Posts tagged with smell

Ahhhhh! Java

February 8th, 2009

woman-drinking-coffee1As a professional fragrance educator and coach in a world that says: “You’re a what?!” I must infuse cyberspace with my presence. The mission: Paint my solution to the big problem - Consumers Lack The Language of Scent - on the canvas of the Internet. Normally, I would contain myself to perfume, home fragrance, scent marketing and the like.

Social networking (code for online marketing, but in a friendly, personal way) is new to me, but my future depends on it, I am told. In a prior corporate incarnation, I looked with disdain on “reply to all” and other mass broadcasts of information that could and should have been delivered discreetly from one individual to another.

Now, compelled by the advice of people who know, as well as by the gut sense that I can no more successfully resist this than I did voicemail, I am nominally “on” Linked-in and Facebook, but not yet “up” on either.

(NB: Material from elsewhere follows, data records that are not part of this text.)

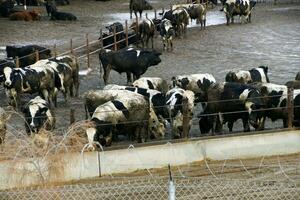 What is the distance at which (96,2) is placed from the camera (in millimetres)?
39250

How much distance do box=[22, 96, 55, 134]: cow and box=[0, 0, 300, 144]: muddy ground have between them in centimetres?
93

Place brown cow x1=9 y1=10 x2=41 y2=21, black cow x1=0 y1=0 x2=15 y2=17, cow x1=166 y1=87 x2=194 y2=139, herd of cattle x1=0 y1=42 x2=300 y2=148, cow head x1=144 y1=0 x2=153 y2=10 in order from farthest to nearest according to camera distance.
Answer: cow head x1=144 y1=0 x2=153 y2=10 → black cow x1=0 y1=0 x2=15 y2=17 → brown cow x1=9 y1=10 x2=41 y2=21 → cow x1=166 y1=87 x2=194 y2=139 → herd of cattle x1=0 y1=42 x2=300 y2=148

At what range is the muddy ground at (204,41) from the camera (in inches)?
789

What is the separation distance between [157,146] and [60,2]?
94.2 ft

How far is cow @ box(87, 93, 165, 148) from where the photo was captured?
42.1 feet

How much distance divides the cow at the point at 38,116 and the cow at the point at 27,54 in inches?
273

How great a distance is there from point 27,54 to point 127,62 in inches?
165

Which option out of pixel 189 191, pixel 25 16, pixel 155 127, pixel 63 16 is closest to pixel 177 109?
pixel 155 127

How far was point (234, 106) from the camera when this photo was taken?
46.6 feet

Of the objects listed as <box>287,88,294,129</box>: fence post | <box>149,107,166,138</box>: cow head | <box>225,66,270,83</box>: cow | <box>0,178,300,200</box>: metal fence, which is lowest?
<box>149,107,166,138</box>: cow head

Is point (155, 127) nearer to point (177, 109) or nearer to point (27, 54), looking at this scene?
point (177, 109)

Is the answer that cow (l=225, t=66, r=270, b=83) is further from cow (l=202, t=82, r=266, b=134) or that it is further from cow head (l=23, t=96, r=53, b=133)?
cow head (l=23, t=96, r=53, b=133)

For the record, I’ll twitter over my own dead body. Maybe I take myself too seriously. “What are you doing now?” they ask me. A fabulous woman and new Facebook friend reports that she just had oatmeal for breakfast and I cheer. High fiber. Filling. Great protein in a carbohydrate. Astounding cholesterol-lowering properties. I write a private e-mail to commend her and offer my exhortations to carry on in her pursuit of a healthy diet. Would no sooner post this on her Facebook wall than report my plans to head for the bathroom. That was a week ago. Today another new Facebook friend and respected real friend announced to the world that she was off to make a batch of granola. What a coincidence. I, too, made granola today! But is it news? Two oatmeal posts in a week? This seem to be a thing.

I am having a change of heart. Oatmeal is important.

But Oatmeal’s importance is as a grain of sand on the beach when compared to that of coffee. Perfume is pleasure and coffee is the best smell in the world. Some of you have heard me profess oakmoss to be my very favorite smell, maybe even on TV.  Either I’m lying or I have more than one very favorite smell. Please comment on your very favorite smell(s).

Bois de Jasmin, great perfume blog, lists Givenchy Very Irresistible for Men as a fragrance with a coffee note, well, mocha, actually, but don’t hold a little chocolate against them.


Candle Therapy, Yankee Style

October 14th, 2008

Home scenting goes upscale as your new taper exudes tobacco, fig or green bamboo.

We are ever-more-hip to the great mood a good smell can launch and home scenters now deal routinely with our mental health.

Rick Ruffalo, CEO and the marketing face of Yankee Candle, explained the new possibilities to a group of fragrance experts in September, 2008. Fragrance is used to enhance and remember events, to create environments and moods. Florals and musks for romance, vanilla and spice as invitations home, ozone and pine to relax, licorice and cinnamon to promote alertness and lavender for sweet dreams. Yankee Candle has innovated with No-Smella, the new anti-citronella that expels mosquitoes but refrains from competition with the scent of your favorite hot dog, hamburger and sausage. Highbrow stuff.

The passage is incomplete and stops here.